Los que están poseídos por el amor de Dios y de la virtud deben estar prontos a soportar incluso las persecuciones y, si la ocasión se presenta, no han de rehusar exiliarse y hasta aceptar alegremente las mayores afrentas, en la certeza de los grandes y preciosísimos premios que les están reservados en el cielo.
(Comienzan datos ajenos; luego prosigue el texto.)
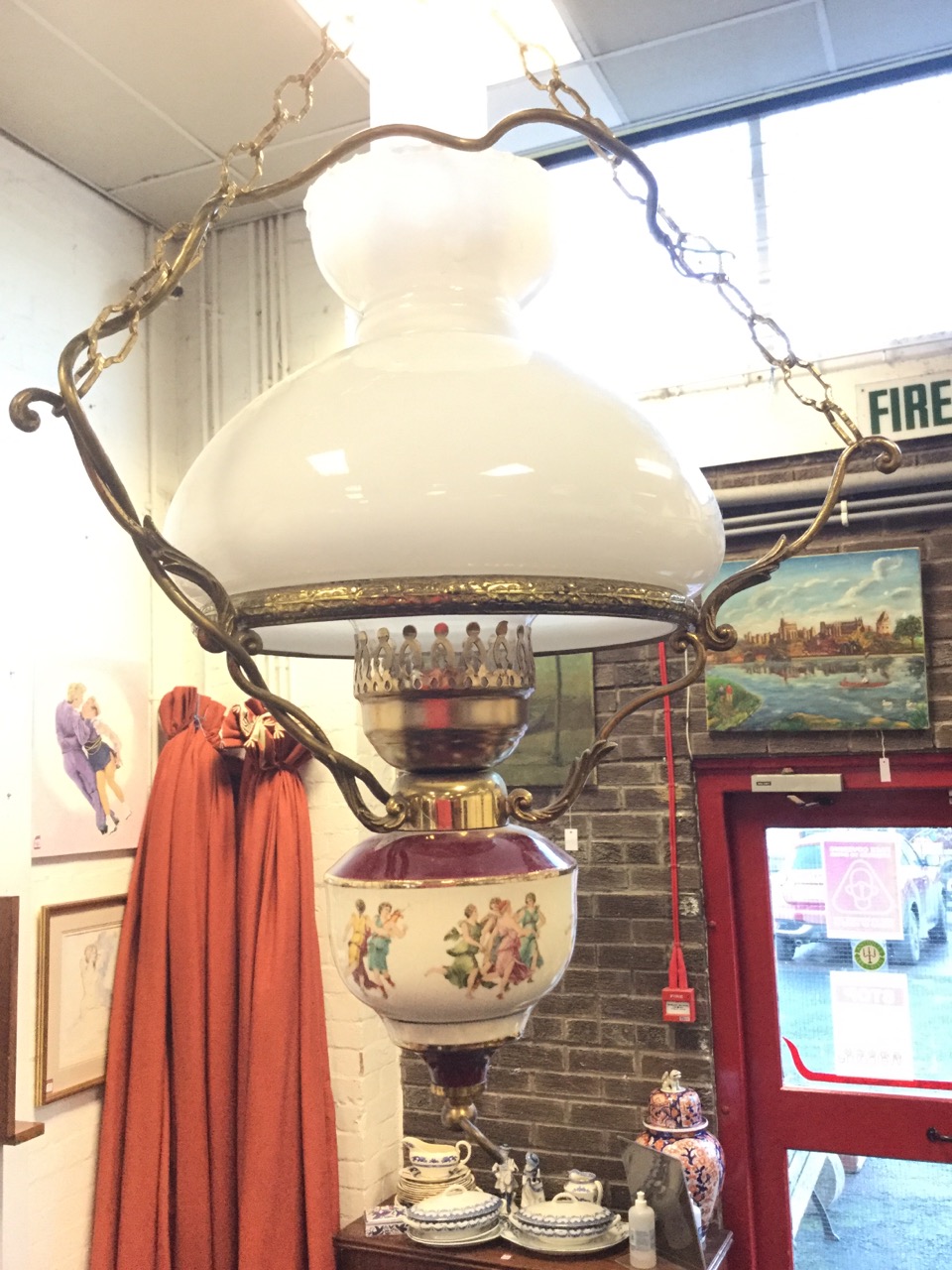 A pair of Victorian style hanging oil lamps, the electric wired lights having ceramic reservoirs - Image 2 of 3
El amor de los combatientes hacia el caudillo y remunerador de la lucha produce este efecto: infunde en ellos una convicción de fe en los premios que todavía no están a la vista y les comunica una sólida esperanza en los premios futuros. De esta forma, pensando y meditando continuamente en la vida de Cristo, les inspira sentimientos de moderación y les mueve a compasión de la fragilidad de que son conscientes; les hace además delicados, justos, humanos y modestos, instrumentos de paz y de concordia, y, de tal suerte ligados a Cristo y a la virtud, que por ellos no sólo están prontos a padecer, sino que soportan serenamente los insultos y se alegran en las persecuciones. En una palabra, de estas meditaciones podemos sacar aquellos bienes inconmensurables que son el ingrediente de la felicidad. Y así, en aquel que es el sumo bien, podemos conservar la inteligencia, tutelar la habitual buena compostura, hacer mejor el alma, custodiar las riquezas recibidas en los sacramentos y mantener limpia e intacta la túnica real.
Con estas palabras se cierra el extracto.